Some may call him a fraud, some may call him a spinster, others may say genius. Alan Pardew has been a polarising figure throughout his managerial career but he has always come out with his head high and his grin as wide as ever.
However, a bad result at the weekend should rightfully end his current run with Crystal Palace and with it will likely go his last chance both in the Premier League and at taking the national job.
Pardew’s managerial career has ebbed and flowed. It started well at Reading, he got the club promoted out of the then-Division Two before making the playoffs in his first season in England’s second tier.
At West Ham, he struggled initially before getting them into the Premier League on the second time of asking in 2005. A ninth placed finished followed along with an FA Cup final before the club’s worst run of results in 70 years eventually saw him relieved of his duties in December 2006.
Charlton then came calling and after he failed to keep them up despite an up-turn in form, he then failed to get them straight back up again. With the club in the bottom three after another poor start, he was sacked.
He then joined the Southampton revolution, helping them almost get into the playoffs despite a 10-point deduction at the start of the season. He also won the Football League Trophy before succumbing to the axe again after a string of poor results and reported low morale with staff and a poor relationship with the club chairman.
Somehow, some way, he became Newcastle United manager. After a 12th placed finish, a slew of great signings headed by chief scout Graham Carr helped the club get into the European spots and saw Pardew named Premier League Manager of the Year.
He then signed an eight-year contract extention.
After an average 2012-13 season, results dipped dramatically to end the following season. They lost 15 out of their last 21 games and the fans turned on him, despite finishing the season well above the dropzone and leading the time to six wins in a row in all competitions before leaving for Palace.
But this was where the trend continues. After a good start and a splash of cash, Palace have tumbled to the worst points-per-game ratio of any team in the 92 professional football clubs in 2016.
They did make an FA Cup final in that time as well, but it’s not enough to forgive a run of form that would have seen almost any manager in a similar position sacked. His win percentage is not bad at 41.5% but he’s also lost almost 45% of those games in charge.
He isn’t particularly tactically adept, simply working with what he’s given and hoping for the best. Sometimes it’s been with a 4-4-2 at Newcastle, that spiralled out when the two strikers were not of the quality of those previously or when the help diminished, or sometimes it’s a 4-3-3 with two quick wide men yet his defenders have seemingly forgotten how to defend, which is another trend.
Just look at the last five games. They lost all five, scoring six but conceding a whopping 13, including threes against struggling attacking sides like Leicester City and Burnley. They may argue that they were unlucky in a few of them but you can’t be unlucky for almost an entire year.

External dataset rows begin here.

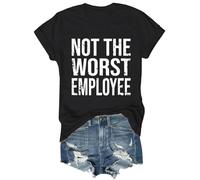 T-shirt humoristique avec inscription « Not The Worst Employee », « Not The Worst Employee », Noir , XL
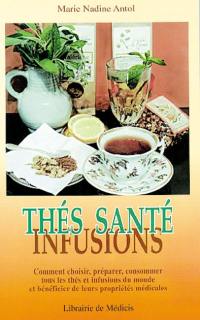 Thés, infusions, santé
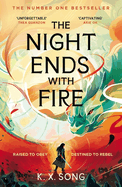 The Night Ends With Fire: the #1 Sunday Times bestselling fantasy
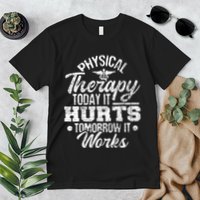 Today It Hurts Tomorrow It Works DPT Physical Therapist PT Premium T-Shirt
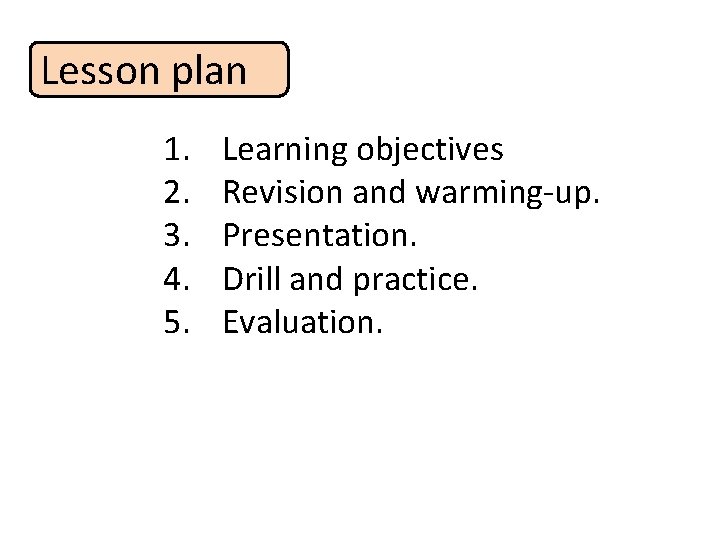 Lesson plan 1. 2. 3. 4. 5. Learning objectives Revision and warming-up. Presentation. Drill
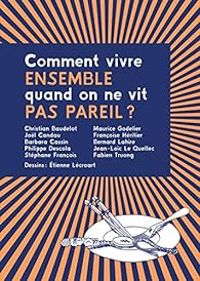 Couverture du livre Comment vivre ensemble quand on ne vit pas pareil ? - Bernard Lahire - Maurice Godelier - Christian Baudelot - Philippe Descola - Francoise Heritier - Barbara Cassin - Jean Loic Le Quellec - Jol Candau - Stephane Francois - Fabien Truong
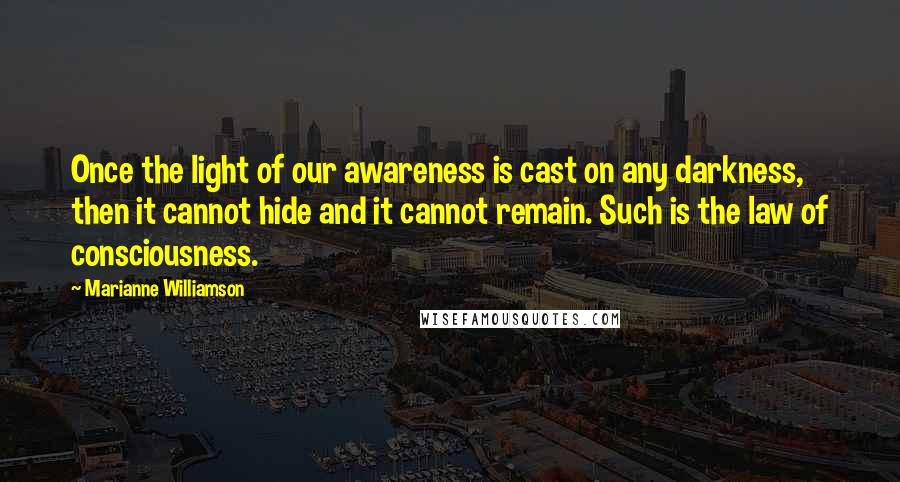 Marianne Williamson Quotes: Once the light of our awareness is cast on any darkness, then it cannot hide and it cannot remain. Such is the law of consciousness.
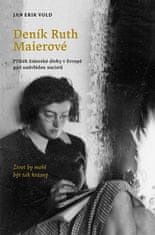 Jan Erik Vold: Deník Ruth Maierové - Příběh židovské dívky v Evropě pod nadvládou nacistů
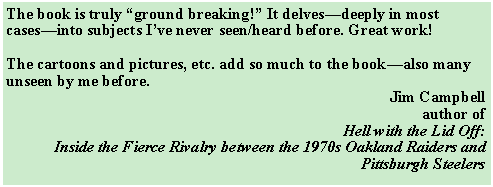 Text Box: The book is truly “ground breaking!” It delves—deeply in most cases—into subjects I’ve never seen/heard before. Great work!The cartoons and pictures, etc. add so much to the book—also many unseen by me before.Jim Campbellauthor ofHell with the Lid Off:Inside the Fierce Rivalry between the 1970s Oakland Raiders and Pittsburgh Steelers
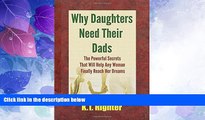 Big Deals  Why Daughters Need Their Dads: The Powerful Secrets That Will Help Any Woman Finally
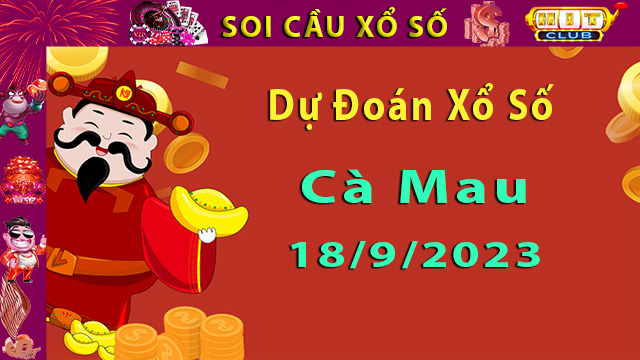 Soi cầu xổ số Cà Mau 18/9/2023 – Dự đoán XSMN tại Hitclub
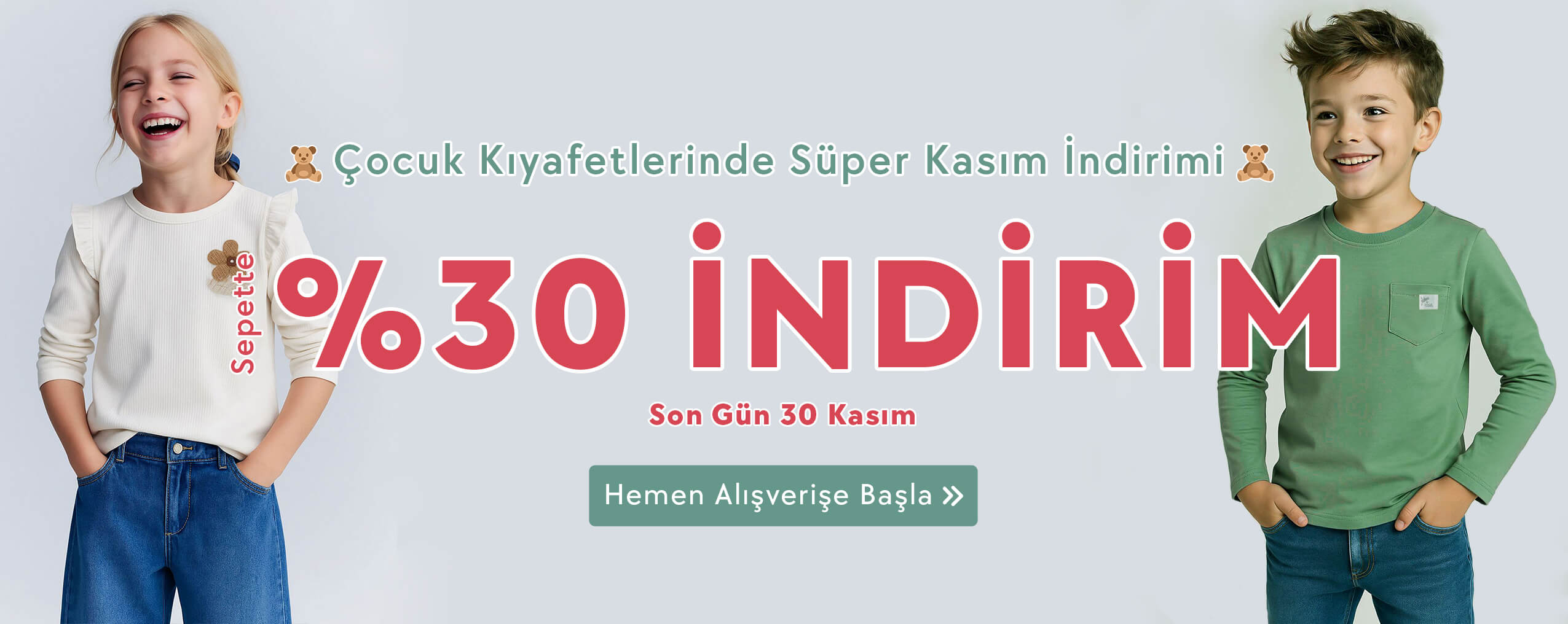 Kasım Ayı Boyunca Geçerli Tüm Çocuk Kıyafetlerinde Sepette %30 İndirim!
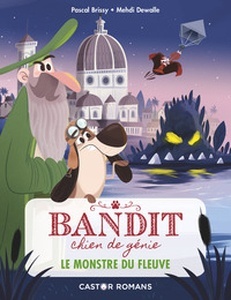 Bandit, chien de génie, Tome 1. Le monstre du fleuve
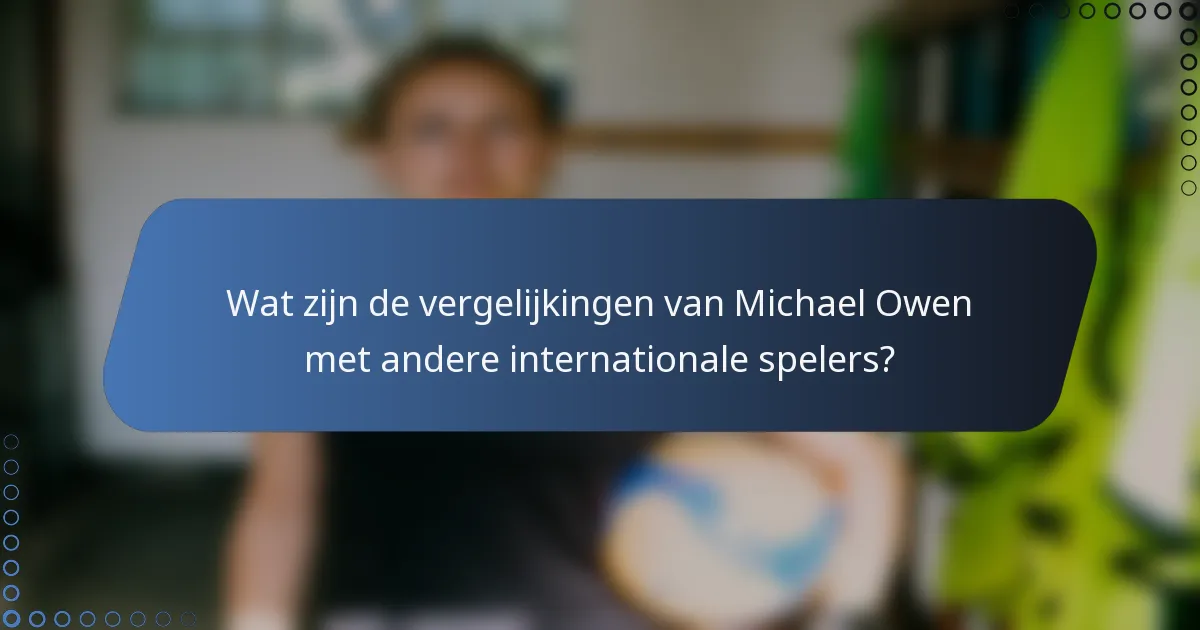 Wat zijn de vergelijkingen van Michael Owen met andere internationale spelers?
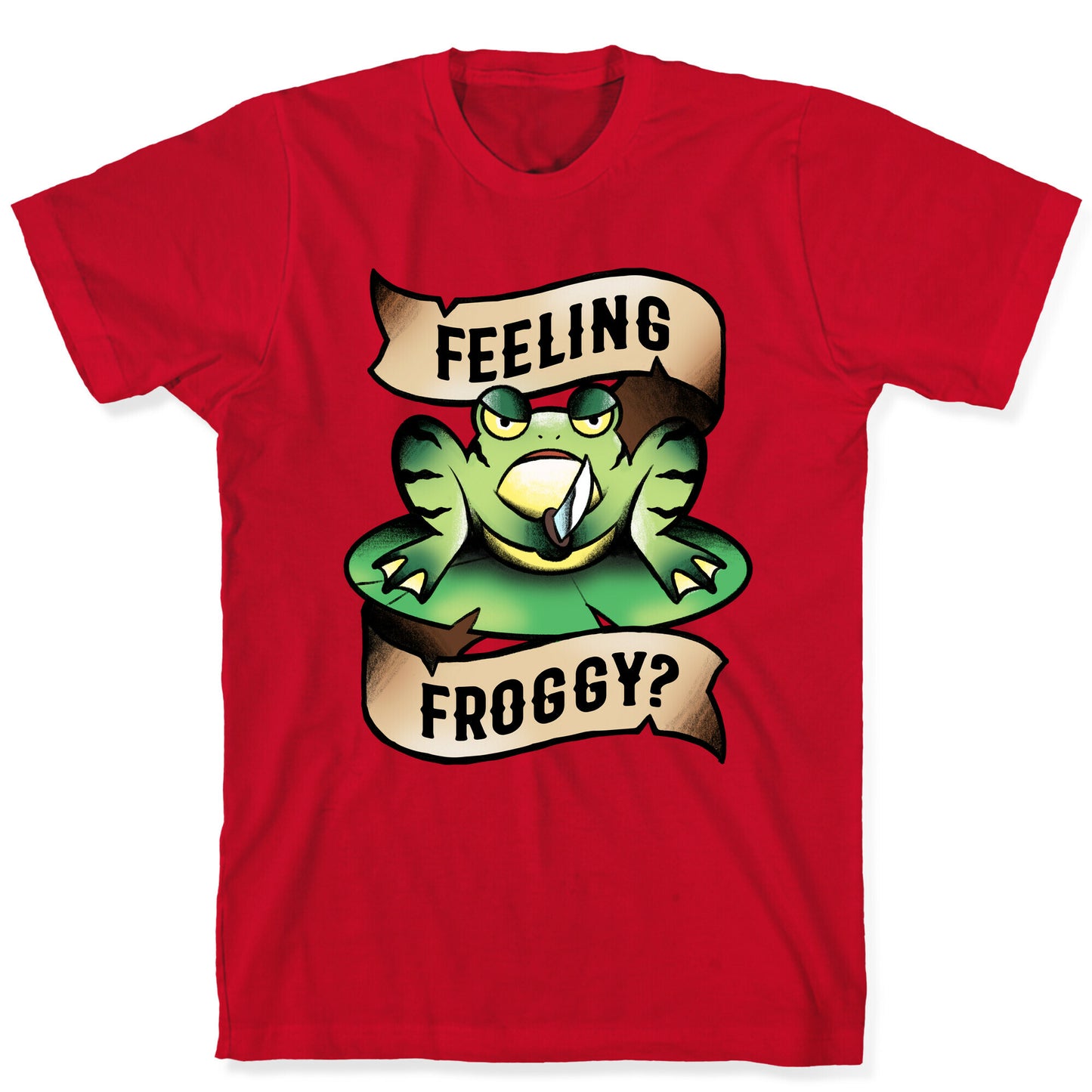 Feeling Froggy? T-Shirt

Add to that the controversies he’s had, including bust-ups with managers and a moment where headbutted an opposition player and you begin to wonder how he’s got work so easily.
Is it his cheesy grin? Is it his slimy, aggressive personality or is it his dad-dancing that puts the cherry on top.
Hopefully, Swansea City can put the final nail in his coffin. A man that is the epitome of “new manager syndrome”, Pardew can only hold on to this charade for a little bit longer.